How does execvp run a command? - c

I know execvp can be used to execute simple commands as follows:
char* arg[] = {"ls", "-l", NULL};
execvp(arg[0],arg);
I want to know what goes on in here when I run execvp. In man page it says execvp replaces the image of the process image with the new one. However here I am running a command not an executable.
To be specific, say there is a command that specifically requires an input e.g. cat. If I have a text file text.txt which contains the file name expected for cat and I redirect stdin to the file stream of the file, would the output of execle("cat","cat",NULL) or execvp("cat", arg) (obviously where arg stores "cat" and NULL) result in the output in the console as the cat /filename would? My intuition is I have to read the file and may be parse it to store the arguments in the arg. However I want to make sure.
Thanks in advance!

Here's what happens in an execvp call:
Your libc implementation searches in PATH, if applicable, for the file that is to be executed. Most, if not all, commands in UNIX-like systems are executables. What will happen if it is not? Try it. Have a look at how glibc does it.
Typically, if the executable is found, a call to execve will be made. Parts of execve may be implemented in libc or it may be a system call (like in Linux).
Linux prepares a program by allocating memory for it, opening it, scheduling it for execution, initialises memory structures, sets up its arguments and environment from the supplied arguments to the execvp call, finds a handler appropriate for loading the binary, and sets the current task (the execvp caller) as not executing. You can find its implementation here.
All steps above conform to the requirements set by POSIX which are described in the relevant manual pages.

Regarding your questions:
In man page it says execvp replaces the image of the process image
with the new one.
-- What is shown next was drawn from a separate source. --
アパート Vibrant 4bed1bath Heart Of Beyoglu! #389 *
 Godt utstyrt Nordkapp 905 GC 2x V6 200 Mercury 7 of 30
However here I am running a command not an
executable.
Long-long time ago shell was very limited and almost all UNIX commands was standalone executables. Now, mostly for speed purposes some subset of UNIX commands is implemented inside shell itself, those commands are called builtins. You can check whatever command is implemented in your shell as built-in or not via type command:
λ ~/ type echo
echo is a shell builtin
(Full list of builtins with descriptions can be found in man pages to your shell e.g. man bash-builtins or man builtin.)
But still most of the commands still have their executable-counterpart:
λ ~/ whereis echo
/bin/echo
So in your specific case when you are running:
char* arg[] = {"ls", "-l", NULL};
execvp(arg[0],arg);
You are actually replacing address space of current process with address space of (most likely) /bin/ls.
My intuition is I have to read the file and may be parse it to store
the arguments in the arg.
Indeed you you have. But you also may use some in-kernel functions for that aka "shebang":
Instead of putting file name in separate file add so-called shebang as the first line of the file you want to cat:
#!/bin/cat
And add chmod +x to it. Then you can run it as executable (via any of exec functions or shell):
λ ~/tmp/ printf '#!/bin/cat\nTEST\n' > cat_me
λ ~/tmp/ chmod +x cat_me
λ ~/tmp/ ./cat_me
#!/bin/cat
TEST
Of cause it's has a drawback of printing shebang itself with file but still it's fun to do it in-kernel =)
BTW. Problem that you described if so common that there is a special executable called xargs which (in very simplified explanation) executes given program on list of arguments passed via stdin. For more information consult with man xargs.
For easy memorization of exec-family I often use following table:
Figure 8.14. Differences among the six exec functions
+----------+----------+----------+----------+--------+---------+--------+
| Function | pathname | filename | agr list | argv[] | environ | envp[] |
+----------+----------+----------+----------+--------+---------+--------+
| execl | * | | * | | * | |
+----------+----------+----------+----------+--------+---------+--------+
| execlp | | * | * | | * | |
+----------+----------+----------+----------+--------+---------+--------+
| execle | * | | * | | | * |
+----------+----------+----------+----------+--------+---------+--------+
| execv | * | | | * | * | |
+----------+----------+----------+----------+--------+---------+--------+
| execvp | | * | | * | * | |
+----------+----------+----------+----------+--------+---------+--------+
| execve | * | | | * | | * |
+----------+----------+----------+----------+--------+---------+--------+
| letter | | p | l | v | | e |
+----------+----------+----------+----------+--------+---------+--------+
So in your case execvp takes filename, argv(v) and environ(e).
Then it's tries to "guess" pathname (aka full path) by appending filename (in your case cat) to each path component in PATH until it find path with executable filename.
Much more information about whats going on under the exec's hood (including inheritance stuff) can be found in Advanced Programming in the UNIX Environment (2nd Edition) by W. Richard Stevens and Stephen A. Rago aka APUE2.
If you are interested in UNIX internals you should probably read it.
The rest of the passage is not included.